NetApp ONTAP & ESXi 6.x tuning
Continuing the theme of optimizing the ESXi host to communicate with the storage NetApp ONTAP, this article will be enlightened optimize performance VMWare ESXi 6.X, previous articles have been devoted to tuning the OS the Linux , the Windows and VMware ESXi 5.X among the SAN . NetApp has been working closely with VMware for a long time, and the fact that the sensational vVOL technology was one of the first in the release of Clustered Data ONTAP 8.2.1 (August 2014) can confirm this., while vSphere 6.0 has not even been released yet. NetApp was the first to announce vVol support with NFS (Maybe NetApp is still the only one here, I’m not following). Therefore, ONTAP storage systems are extremely popular in this environment.
This article will be useful to owners of storage systems with ONTAP, and the Disk Alignment part will be useful not only to NetApp owners.

To search for a bottleneck, a sequential exclusion technique is usually performed. I suggest that you start with storage first and foremost . And then move the storage -> Network ( Ethernet / FC) -> Host ( Windows / Linux / VMware ESXi ) -> Application.
There are a couple of basic documents that you need to rely on when configuring VMware + NetApp:
How to configure VMware vSphere 6.x on ONTAP 8.x
Virtual Storage Console 6.0 for VMware vSphere Installation
TR-4128: vSphere 6 on NetApp MetroCluster 8.3
It is not worth giving all the server resources to the guest OS , firstly, the hypervisor needs to leave at least 4GB of RAM , and secondly, the opposite effect is sometimes observed when adding guest OS resources , this must be selected empirically.
This section has been submitted to a separate post .
Tuning settings is needed for two purposes:
To optimize performance, you may need to eliminate disk misalignment . Misalignment can be obtained in two cases:
Let's look at these cases.
To work with takeover / giveback in the HA pair, you must configure the correct timeouts of the guest OS . Since the cluster can contain storage systems of different models, disk, hybrid and All Flash systems, and data can migrate between these systems, it is recommended to use the worst timeout value (for disk systems), namely 60 seconds:
The default OS values in the case of using NFS are satisfactory, and the settings for the guest OS do not need to be changed.
These values are set manually or using scripts available as part of VSC:
Learn more about zoning guidelines for NetApp in pictures .
For ONTAP 8.X and 9.X, ALUA is always enabled for all block protocols: iSCSI / FC / FCoE .
If the host correctly defined ALUA , then the Storage Array Type plug-in will display VMW_SATP_ALUA . For ALUA , the Most Recently Used or Round Robin algorithm, any , is allowed to be used .

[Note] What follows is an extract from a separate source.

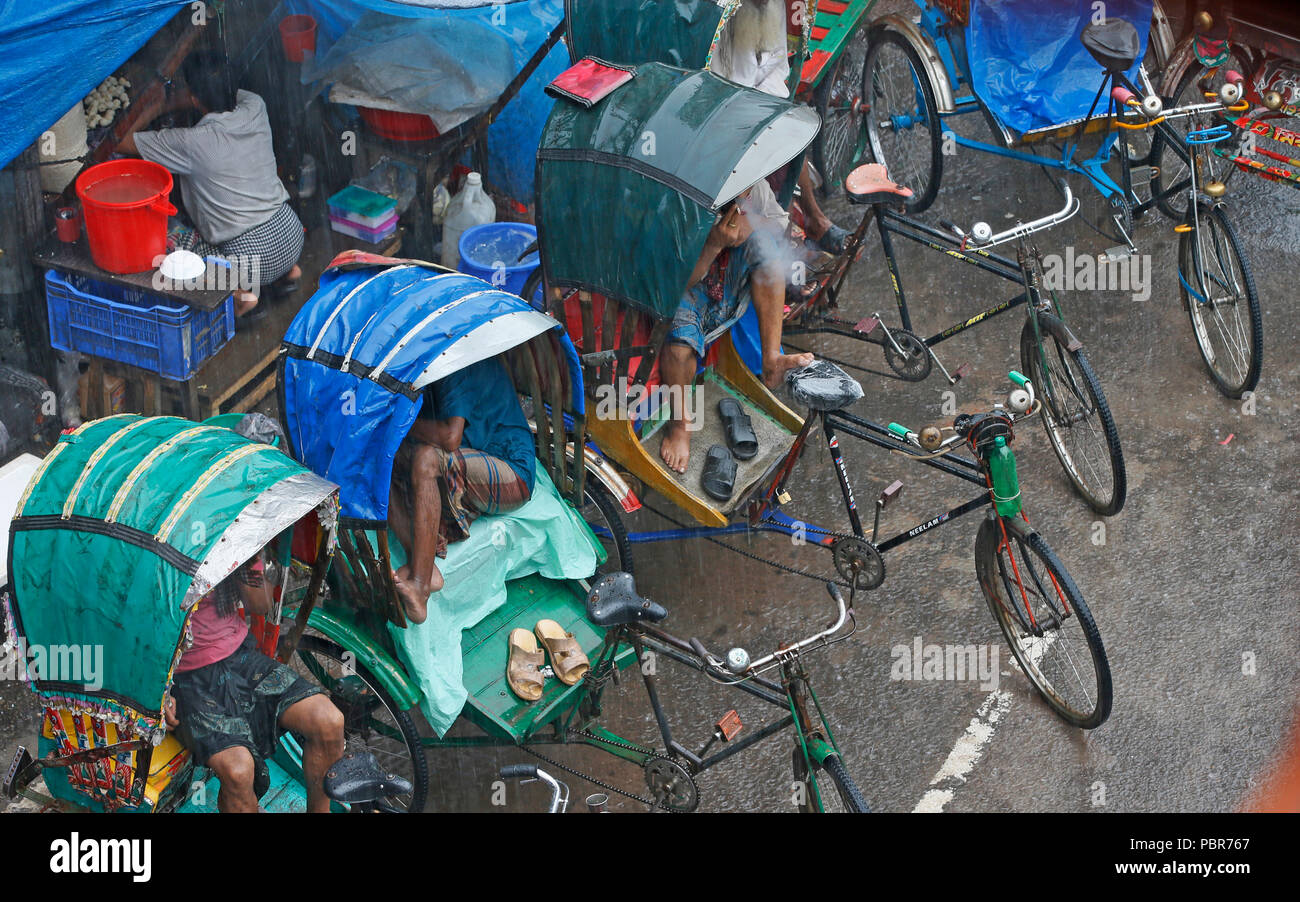 Abitanti della città catturati nella doccia pesante a capitale Purana Paltan area vicino National Baitul Mukarram moschea, Dhaka, Bangladesh. Luglio 24, 2018 Foto Stock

Round Robin will be more productive if there are more than one path to the controller. In case of using Microsoft Cluster + RDM disks, the Most Recently Used balancing mechanism is recommended for use .
Below is a table of recommended load balancing settings. Learn more about NetApp ONTAP, ALUA logic and load balancing for block protocols .

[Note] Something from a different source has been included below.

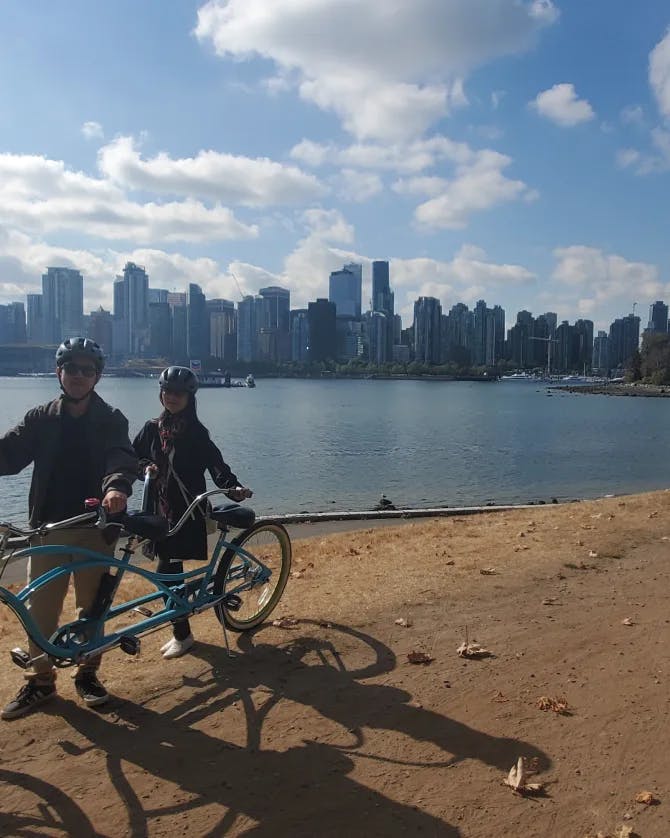 Aron cycling along a sandy coast with a city skyline in the background.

For optimal operation of the ESXi host, it is necessary to set the parameters recommended for it.
There are several ways to do this:
NetApp generally recommends using “default values” for HBA for ONTAP systems with an ESXi host as set by the adapter manufacturer. If they have been changed, they must be returned to the factory settings. Check out the relevant best practices. For example, if we are talking about DB2 virtualization in VMware on NetApp, it is recommended ( see page 21 ) to increase the queue length to 64 on ESXi (how to do this is written in Vmware KB 1267 ).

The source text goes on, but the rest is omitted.